Le féru d’art ou le visiteur de musée averti aura sans doute compris dès le début de sa lecture que “Les Onze” n’existe que dans une réalité littéraire et dans l’esprit de Michon. Toutefois, l’illusion est si complète et si bien mêlée à des événements et personnages historiques réels, que l’on se laisse vite prendre au jeu. Le but de l’oeuvre n’est en fait pas de faire un vulgaire canular, que le tableau existe ou non importe peu, le texte l’aura rendu vrai
On constate une véritable puissance d’évocation chez Pierre Michon, il manie les mots de sorte à imprimer dans l’esprit du lecteur des scènes frappantes de vérité. Par ses digressions amusantes, il donne l’impression de rajouter des anecdotes pour étayer des faits avérés historiquement. Ses personnages, qu’ils soient Robespierre ou François-Elie Corentin le peintre fictif, sont ancrés dans la grande Histoire, celle qui oscille entre la Science et le Roman National. Ainsi le lecteur se retrouve confronté à un troublant récit, qui s’adresse directement à lui et réclame sa complicité.

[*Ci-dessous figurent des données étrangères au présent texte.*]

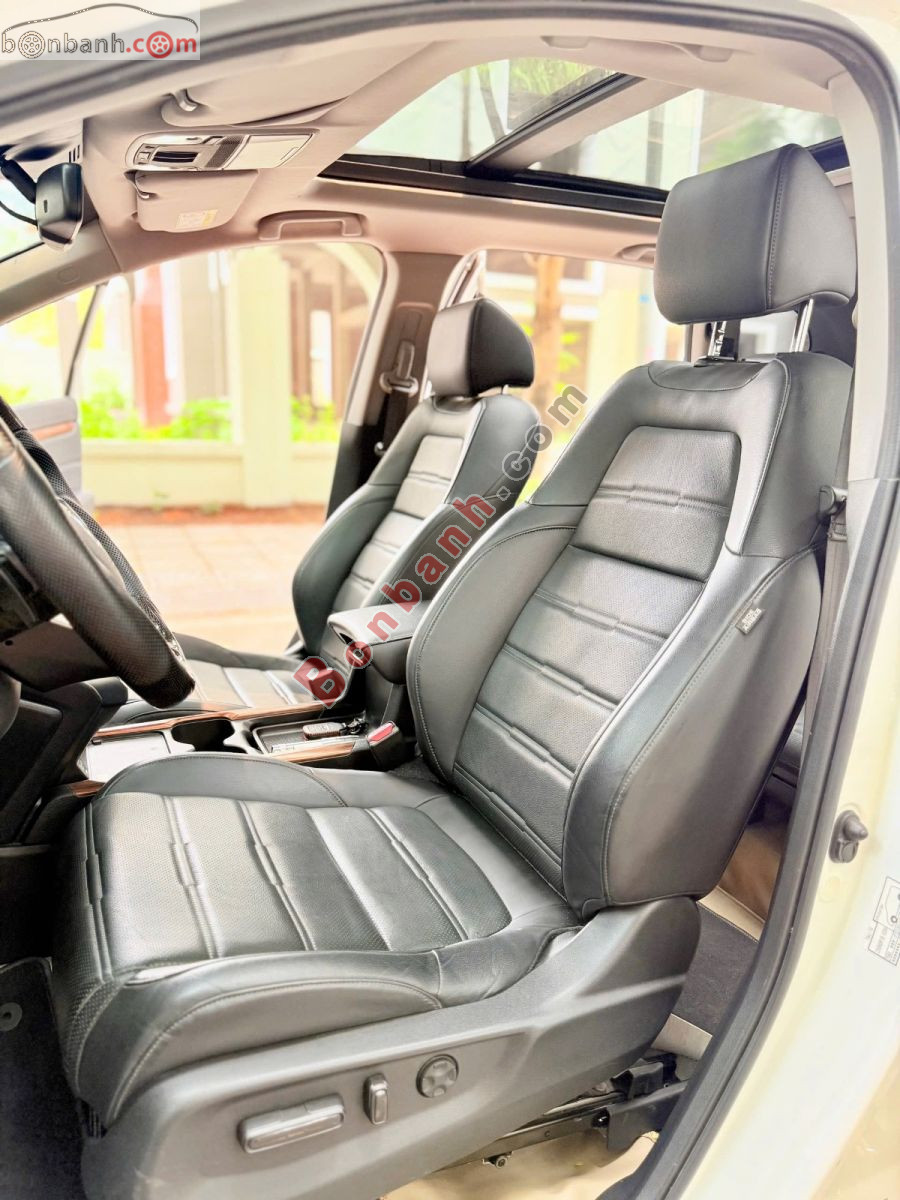 Bán ô tô Honda CRV L - 2021 - xe cũ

Cette écriture virtuose permet à l’auteur de développer un propos sur l’Histoire et ce que l’on tient pour vrai, ainsi qu’un sous-texte sur la frontière entre réalité et fiction. Comment savoir ce qui tient de la fable et ce qui relève de la science? Une grande partie de notre culture historique nous est transmise sous la forme de récits, mais il est parfois dur de repérer les exagérations, les rumeurs ou encore les éléments biaisés. Mais alors, le tableau “les Onze”, qui paraît si bien s’intégrer dans les rouages du Temps, n’a-t-il pas aussi sa place dans l’Histoire?
Tel est le pouvoir des mots, ou plutôt de la littérature. En lisant Les Onze de Pierre Michon, on consent à modifier l’Histoire le temps de quelques heures, à pénétrer dans ces époques troublées où les hommes se confondent avec des héros de roman.